Can I begin by asking when did you decide that you wanted to write music for ﬁlm etc?
Having grown up during the 90s with Alan Menken’s music for the Disney animations, I’ve always known that music and movies were my passion but I decided at around age 12 that I wanted to pursue it professionally. I had been playing various instruments and also got theory lessons but it wasn’t until I heard John Williams’ score for “Harry Potter and the Philosopher’s Stone” that I began to research the profession of a ﬁlm composer. That same year, just a month later, Howard Shore’s “Lord of the Rings: The Fellowship of the Ring” came out and by that time I was completely taken by the idea of writing music for movies. It seemed like an unlikely thing to do at the time, with the ﬁlm industry being on the other side of the world and without the internet as a resource completely out of reach as well. But I simply continued to study scores on my own, hoping that everything would fall into place eventually.
What musical studies did you undertake and whilst studying was there any one area of music or one instrument that you concentrated upon?
Early in my life, I mainly received private classical instrumental lessons (piano, vocals, ﬂute) while also playing in a band regularly. After I graduated from high school, I attended a private school for a year called ‘musicube’ which at the time was the only private school in Germany that focused on ﬁlm scoring. After that I moved to the Netherlands for four years to attend the ﬁlm scoring program of the ArtEZ Conservatory. My main focus were composition and orchestration but I also took several minors that ended up being very important to me, including conducting and piano. After obtaining my Bachelor’s degree I moved to Los Angeles to ﬁnalize my studies at UCLA’s ﬁlm scoring program which was a lot more hands-on and based on real life scenarios. I also furthered my studies later on during an internship at Hans Zimmer’s Remote Control Productions as well as ASCAP’s Film Scoring Workshop with Richard Bellis.
I recently reviewed your score for LILLY’S BEWITCHED CHRISTMAS which is a great score, how did you become involved on the project and what size orchestra did you use?
I became involved with this project through Klaus Badelt with whom I had been collaborating for a few years at that point. He had done the ﬁrst two instalments of this movie series and generously introduced me to the production for the third. I’m not entirely sure what size orchestra we had on this since we recorded it back in summer 2017 at Galaxy Studios in Belgium. I do know that we had a full orchestra though with musicians from the Brussels Philharmonic, conducted by the wonderful Matt Dunkley. _
Both LILLY’S BEWITCHED CHRISTMAS and THE JADE PENDANT have been issued by Movie Score Media, do you have any involvement in what music from the scores is selected for the digital and then the CD release?
Yes, I make the selections and edits myself actually.
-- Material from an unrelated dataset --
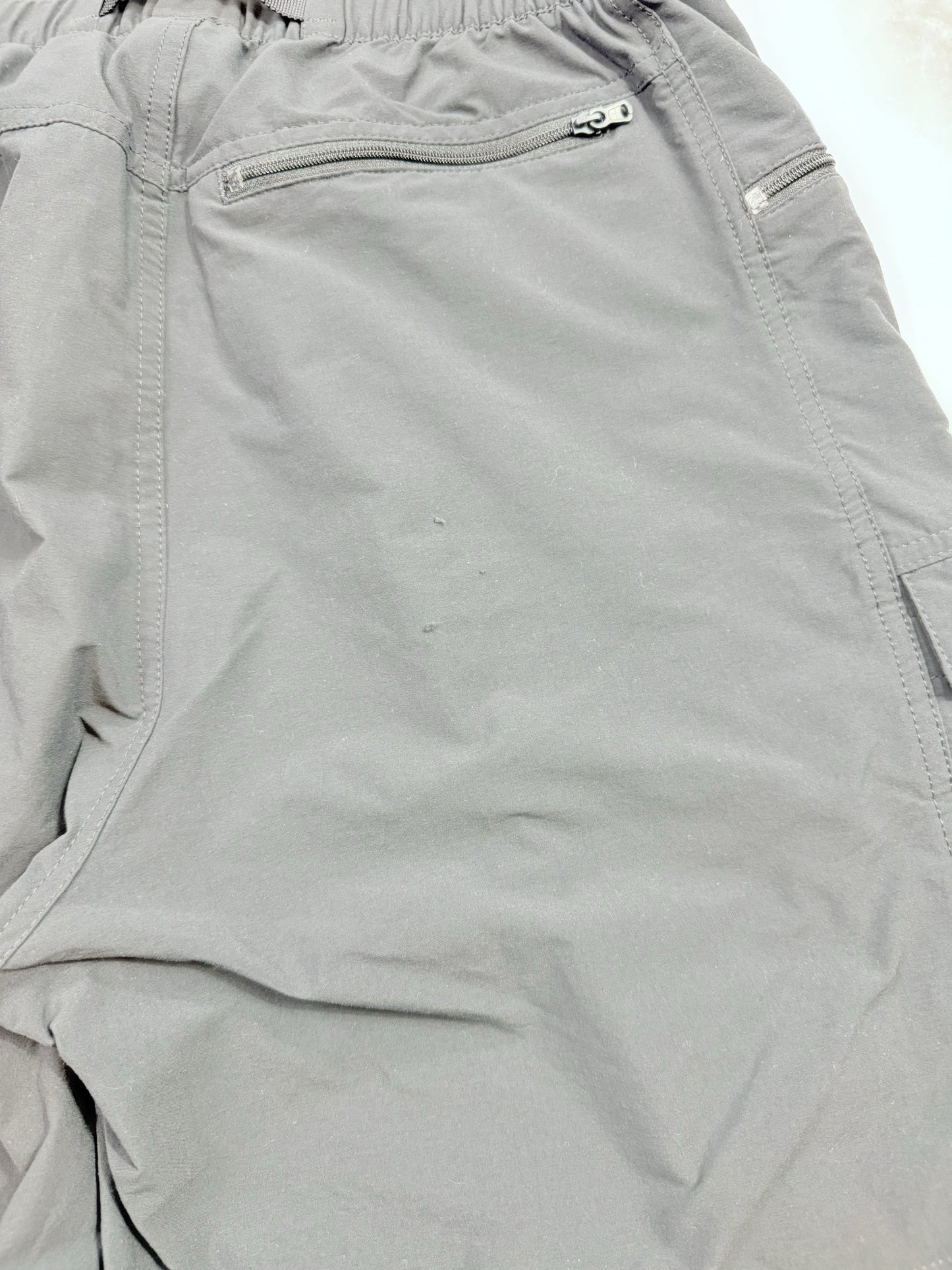 Patagonia パタゴニア カーゴ ショートパンツ Mサイズ ブラック ドローストリング ウエスト アウトドア カジュアル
Movie Score Media offers that service but since I’m more familiar with the material and the story, I tend to do this work myself. Sometimes I also like to remix cues for the soundtrack release which is a common practice. Movie Score Media then reviews my submission and suggests further edits or track orders. They also master the album and then take care of distribution and marketing.
What composers or artists would you say have influenced or inspired you?
I would probably say the biggest influences have been John Williams and Alan Menken since I grew up on their music and studied their scores a lot. However, I also have a soft spot for classical music, especially late Renaissance, late Classicism, and Romanticism. When it comes to popular music, my taste pretty much changes every year so it would be hard to name a speciﬁc group or artist there.
Do you think it is important for a composer to orchestrate and also conduct their own ﬁlm scores, or at times is this just not possible?
In most cases this is impossible due to scheduling or lack of physical presence in the recording location. For orchestration it depends on how we define that job. Most composers give out fully detailed sketches or completely finished orchestral mock ups. So the “orchestration” is technically already part of the composition. However, someone needs to sit down and notate the music, make it playable, ﬁx mistakes, foresee and solve problems before the sheet music hits the stands etc. – that is the job of the orchestrator. Any ﬁlm composer who gets a movie with orchestral live recording will inevitably have an orchestrator (or even a team of orchestrators) because there would not be enough time to compose and notate hours of music in time for the recording sessions. Aside from that it’s always good to have someone with a fresh perspective writing down the sheet music. As far as conducting goes, I prefer to do it myself but this is by no means a requirement for any ﬁlm composer. First off, a lot of composers prefer to be in the booth and hear is actually coming out of the speakers since it can sound vastly different from what’s happening in the live room. So whenever a composer conducts, they need to have someone they trust in the booth to make sure everything sounds as intended. Secondly, very often a production may not have the means to ﬂy the team to the recording location in which case someone else needs to conduct the sessions while the creative team listens in remotely to give notes.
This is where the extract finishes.